The firm established this month Nomura Capital Partners, a wholly-owned subsidiary that will oversee the firm’s principal investment business, according to a statement from the firm.
Nomura previously announced its intention to revive the business in November, in a move to respond to its clients’ “growing need for a wider range of solutions”. The bank plans to make an initial investment of ¥100bn ($903m) in the new business.
The private equity business will initially invest in small-to-medium enterprises in Japan, with the potential to expand to the rest of Asia in the future, according to a source familiar with the matter.
2008 pullback
Previously, the firm had a principal finance business (essentially private equity) through its wholly-owned subsidiary, Nomura Principal Finance (NPF), which was established in 2000.
In 2007, the firm also planned to expand its principal finance business into Asia after gaining experience in buyouts in Japan and venture capital investing in Europe, according to a statement at the time.
But Nomura eventually decided to discontinue any new investments from 2008 onward as a result of tighter financial regulations that followed the 2008 financial crisis, the industry source said. In 2014, NPF dissolved its operations.

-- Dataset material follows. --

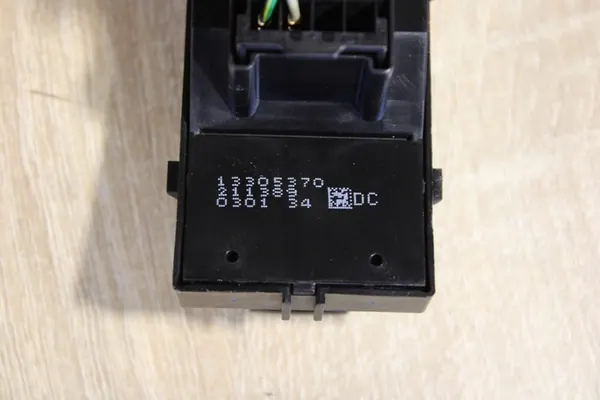 Painel de interruptor de janela dianteira direita Chevrolet Orlando image 3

The firm identified the opportunities that support the revival of its private equity business. In recent years, Japanese companies have become more open to accepting capital from private equity funds, the source said. In addition, there has been an increasing number of aging business owners who are looking at strategies for retirement and inheritance.
“The needs of the firm’s corporate clients have become increasingly diversified and sophisticated. In order to respond to these needs, the new company will primarily provide equity as a solution for business reorganisations and revitalisations, business succession as well as management buyouts,” the firm said in the statement.

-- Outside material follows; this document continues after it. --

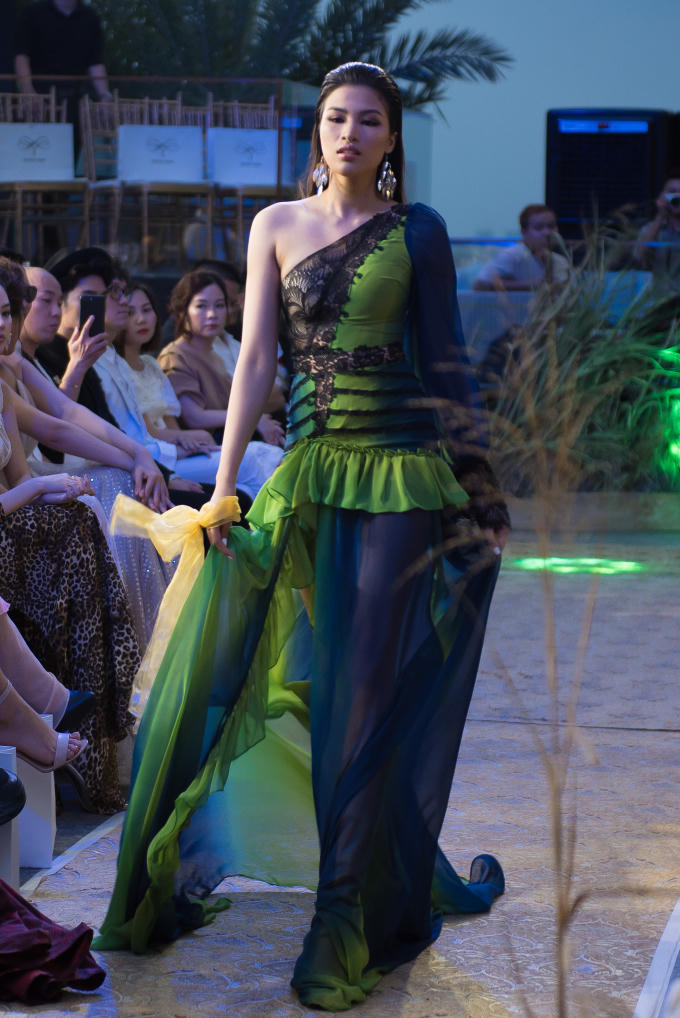 Những bước catwalk uyển chuyển, gương mặt đầy thần thái của Nguyễn Thị Thành khi vừa xuất hiện nhận được nhiều lời khen ngợi từ các khách mời và khán giả phía dưới.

The increasing demand for private equity is also seen in other markets in Asia. For example, alternative assets in Singapore grew 17% to S$478bn ($351bn) in 2016, driven by private equity and hedge funds, according to a report by the Monetary Authority of Singapore.
In China, assets in its private fund industry, which includes private equity funds, rose 28% over the first 10 months in 2017 to RMB 10.77trn ($1.68trn), according to data from the Asset Management Association of China.
Private equity generally provides investors with higher returns than traditional asset classes but demands a multi-year capital lockup period.